Shopping Centre – Strategic Factors

The success of retail investment property and particularly the Retail Shopping Centre depends on the key factors such as:

the size of local customer markets

the type of local customer and their spending habits

the level and nature of the average family income in that market area

the growth of the local community

the size and location of nearby competition properties, and

the exposure and access the subject property gets to roads and transport systems

The property investors owning retail property should keep a close eye on future of other Shopping Centres locally and any expansion or change they are to experience. The local planning approvals office should be monitored for any pending approvals which change the zoning of the properties in the region, and any approvals of new developments that could impact the way the community use other property locally.

So why do this? You are trying to protect your cash flow and the future of your property. Without customers, the rent and leases for your property will deteriorate. The levels of market rents in your property are underpinned by customers. You can sue a tenant that is not paying rent required under a lease, however the matter is much larger, and a poorly performing tenant can be the first sign of something much larger impacting the greater property.

Being sensitive to customers and tenants in a retail property is a major part of market awareness. When financial difficulties arise with one tenant it pays to check its origins and review the impact on the greater tenant mix in the property.

Property rental is precious and must be protected. The rental income generated on a retail property depends mainly on these internal and external factors.

the demographics and sentiment from the local and more distant community

the performance of local and national economies

customer ease of access and use of the property

customer acceptance of the property to satisfy shopping needs

the rental cash flow

the net income resulting after property operational costs

lease documentation type, terms, and stability

the mix and placement of tenants relevant to the traffic areas and entry points across the property

the clustering of tenants near each other to extend the spending of the customer

Any new investor to a retail property would assess all these issues with great scrutiny and diligence. They will impact the sales turnover figures for the property. If the shopping centre keeps turnover statistics for the tenants and customer counts from the entry points to the property, the figures will also be invaluable to landlord property analysis.

Here are some other things to consider in your property plans and strategy.

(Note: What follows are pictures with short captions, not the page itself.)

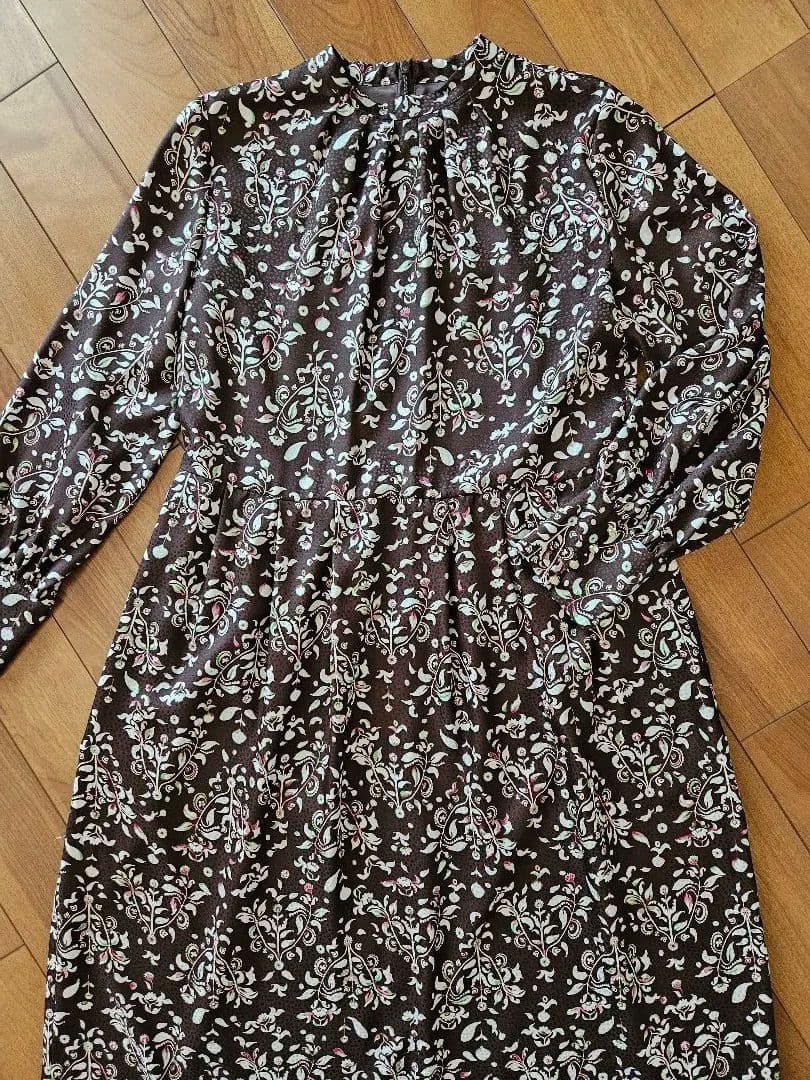 自由区　新品未使用タグ付き　size9 パネルプリント長袖ワンピース ブラウン系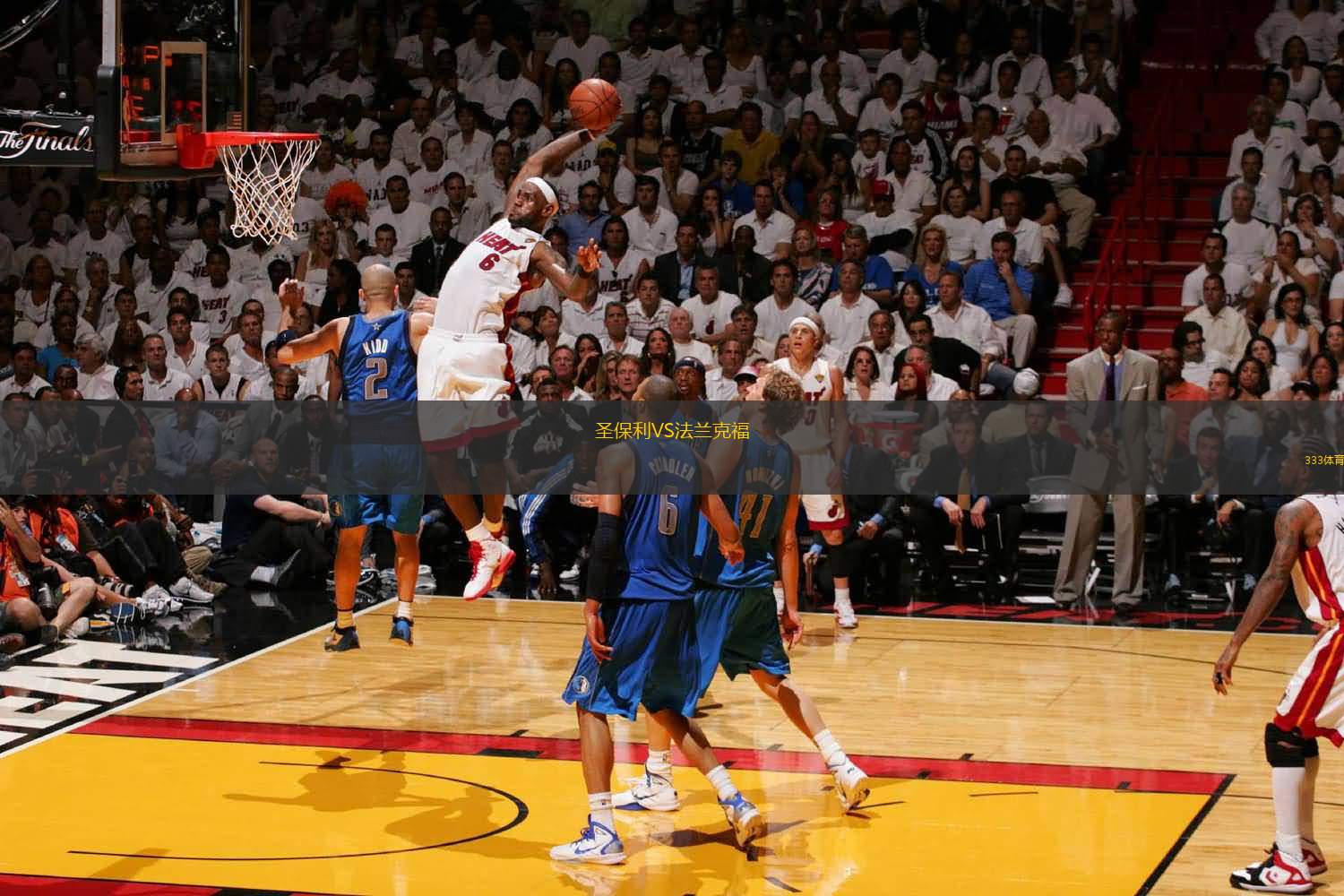 篮球勇士全队战术执行效率提升（勇士全队战术执行效率大幅跃升）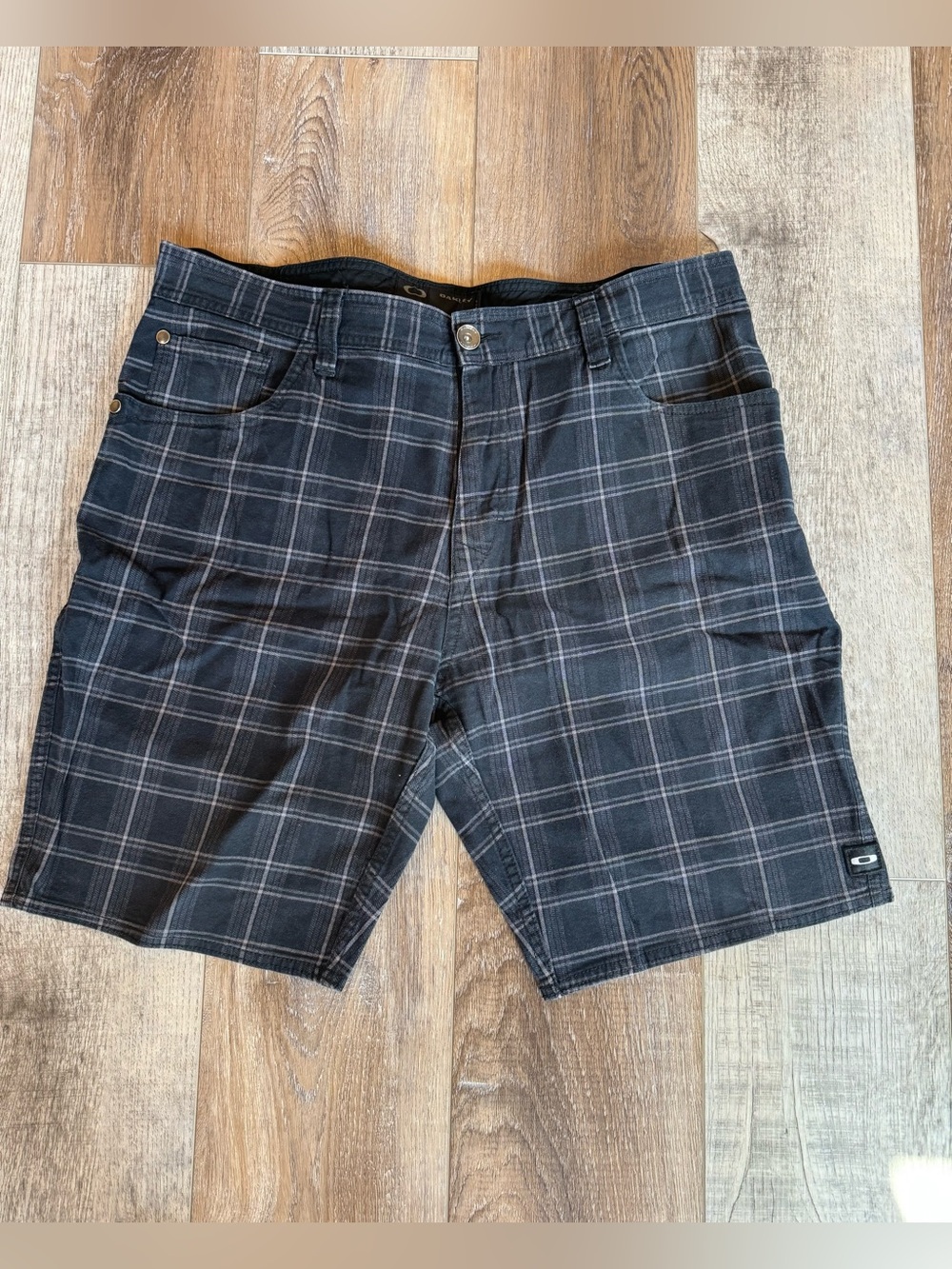 Oakley Men's Black Gray Plaid Flat Front Shorts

Anchor Tenants in the property should be well known in the community and support growth of ongoing trade for both themselves and the specialty tenants

Look for tenants that can achieve high sale volumes and support percentage rentals above the base rentals

Look for lease documents that support reasonable achievable rent levels and see if they have attractive escalation clauses that can be reached by the tenant without threat to occupancy and stability of trade

Some net rent lease documents will pass through a large percentage of operating costs of the property to the individual tenants thus removing the pressures from the Investor. This will provide protection to the Investor of any inflationary pressures which can occur in the future.

Retail investment property brings good returns to the investor providing they take an interest in the property future and base today’s decisions on tomorrow’s property performance. This property performance should give due regard to the relationships between tenants, landlord, customer, and community. That equation will optimise the property opportunity.